02_nn_data_structs_and_forward

Prev: 01_derivatives_and_autograd
Next: 03_backpropagation

# imports
import math
import numpy as np
import matplotlib.pyplot as plt
%matplotlib inline

A note on graph direction terminology

See backprop-graph-terminology note
Graph direction terminology is genuinely confusing!

The computation graph is a tree rooted at the output.
$o (root / output) └── tanh └── n (= x1w1 + x2w2 + b) ├── b (leaf) └── x1w1 + x2w2 ├── x1w1 │ ├── x1 (leaf) │ └── w1 (leaf) └── x2w2 ├── x2 (leaf) └── w2 (leaf)$
The structure may be more familiar as an image. Here is the forward pass (Left-to-Right):

Leaf nodes on the left

Root / output node on the right

With that structure in mind, it’s useful to think of backpropagation graph terminology from Right-to-Left:

Takeaways

Term Node(s) “location” Means
Root Rightmost The output node (o or L) — where backprop starts
Leaf node Leftmost A node with no inputs (_prev is empty) — the raw data and weights
Children Immediately left A node’s inputs — the nodes in _prev that were used to compute it
Upstream Left of it Toward the inputs / leaves — where gradients go to
Downstream Right of it Toward the output / root — where gradients come from
downstream gradient = local gradient × upstream gradient
So, confusingly, upstream and downstream mean the opposite of everyday English:

Forward pass: Data flows “upstream” toward the output

leaf → root (i.e. left → right)

Backward pass: Gradients flow “downstream” toward the inputs

root → leaf (i.e. right → left)

The phrase “backprop deposits the gradient into its children” means:

the _backward of n = x1w1 + b takes n.grad and writes into x1w1 and b — the nodes that were used to produce n.

Link to original

Term	Node(s) “location”	Means
Root	Rightmost	The output node (`o` or `L`) — where backprop starts
Leaf node	Leftmost	A node with no inputs (`_prev` is empty) — the raw data and weights
Children	Immediately left	A node’s inputs — the nodes in `_prev` that were used to compute it
Upstream	Left of it	Toward the inputs / leaves — where gradients go to
Downstream	Right of it	Toward the output / root — where gradients come from

4. Create NN data structure, and perform forward pass

Define and use the Value object (a data structures to maintain the NN)

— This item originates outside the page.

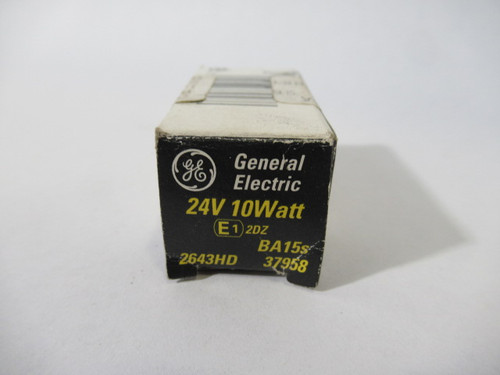 General Electric 2643HD 37958 Heavy Duty Incandescent Miniature Bulb 10W 24V NEW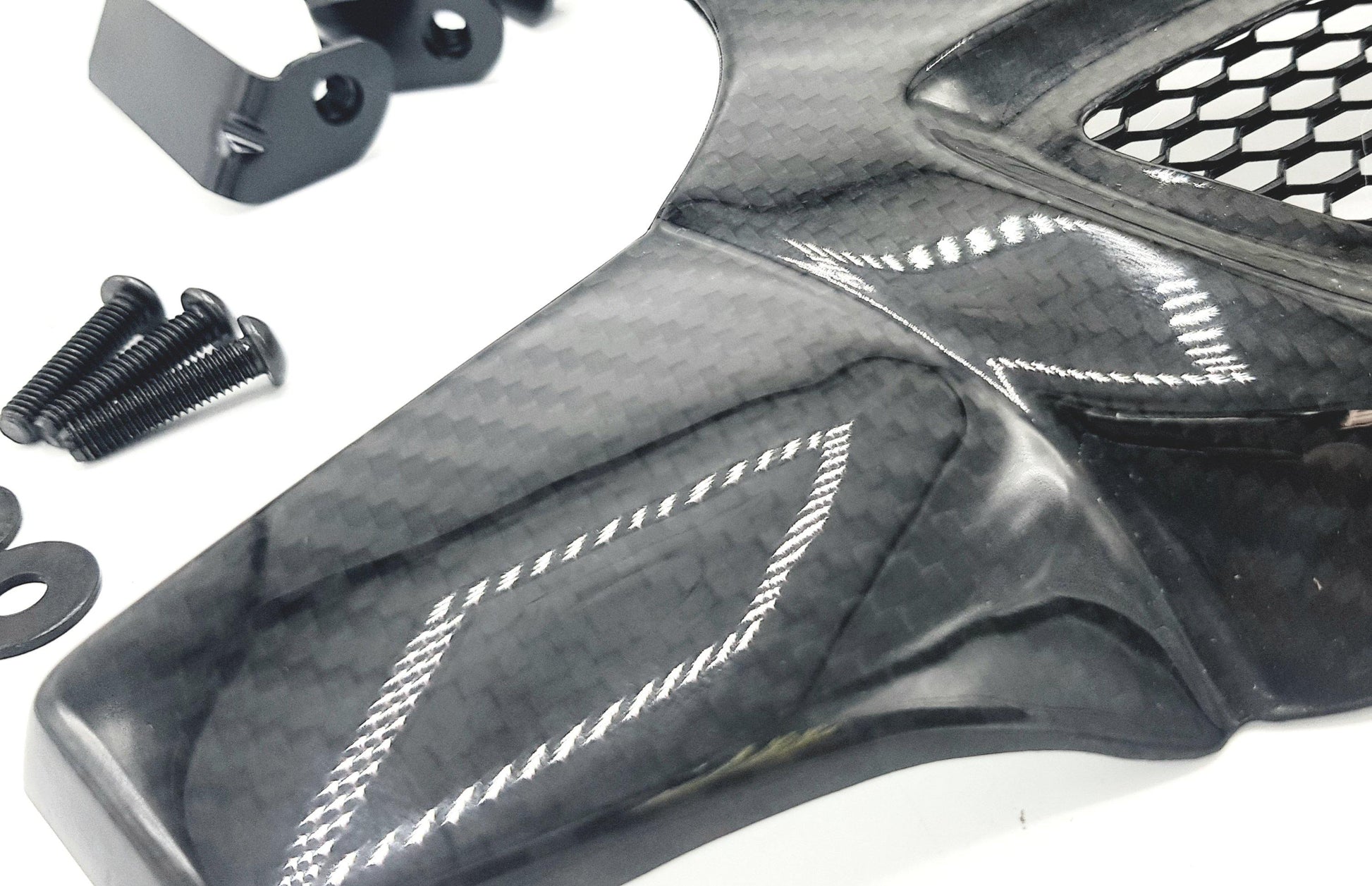 Genuine Abarth Carbon Fibre Engine Cover - 500 Biposto - Abarth Tuning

Let’s incrementally build a the data structures to maintain the massive mathematical expressions that are NNs.

4.1. Define `Value` object and its basic operations (`add`, `mul`)

Define Value object:

# define `Value` class with constructor (`__init`) and `__repr__` functions
class Value:
 
    # NB: __init__ is auto-called when you create a new instance of a class. 
    # it initialises the attributes of the class.
    def __init__(self, data):
        self.data = data
 
    # NB: __repr__ is a Py built-in function: 
    # - provides a string representation of an obj. for debugging, logging, etc
    # - try comment it out for the next Jupyter cell and see the outputs
    def __repr__(self):
        return f"Value(data={self.data})" 
 
a = Value(2.0)
b = Value(-3.0)
a, b
# a + b # Throws error; Python doesn't know how to add two Value objects

(Value(data=2.0), Value(data=-3.0))

Define methods for add and mul:

# extend `Value` class with methods `.__add__(self, other)` and `.__mul__(self, other)`
class Value:
 
    def __init__(self, data):
        self.data = data
 
    # NB: comment the __repr__ out to see its usefulness !
    def __repr__(self):
        return f"Value(data={self.data})" 
 
    # `__` double underscore methods define what basic operators (e.g. +, *) mean 
    # for non-built-in (i.e. user-defined) objects (e.g. Value).
    # I.e. Defines what it means to "ADD" 2 Value objects. Py doesn't know by default
    def __add__(self, other):
        # Below, the "+" operator is regular floating point addition
        # (not a "Value" obj addition); because the .data are just numbers
        out = Value(self.data + other.data)
        return out
 
    def __mul__(self, other):
        out = Value(self.data * other.data)
        return out

Test add and mul methods:

# test `a + b`; `a * b`
a = Value(2.0)
b = Value(-3.0)
print('a.__add__(b):', a.__add__(b)) # i.e. [self.__add__(other)
print('a + b:', a + b) # Python invokes a.__add__(b) because it notes a and b are Value objects
 
c = Value(10.0)
 
# check that multiplication works:
print('\na*b + c:', a*b + c)
 
# for learning, here's the python internal call (manual call)
print('a.__mul__(b).__add__(c):', a.__mul__(b).__add__(c))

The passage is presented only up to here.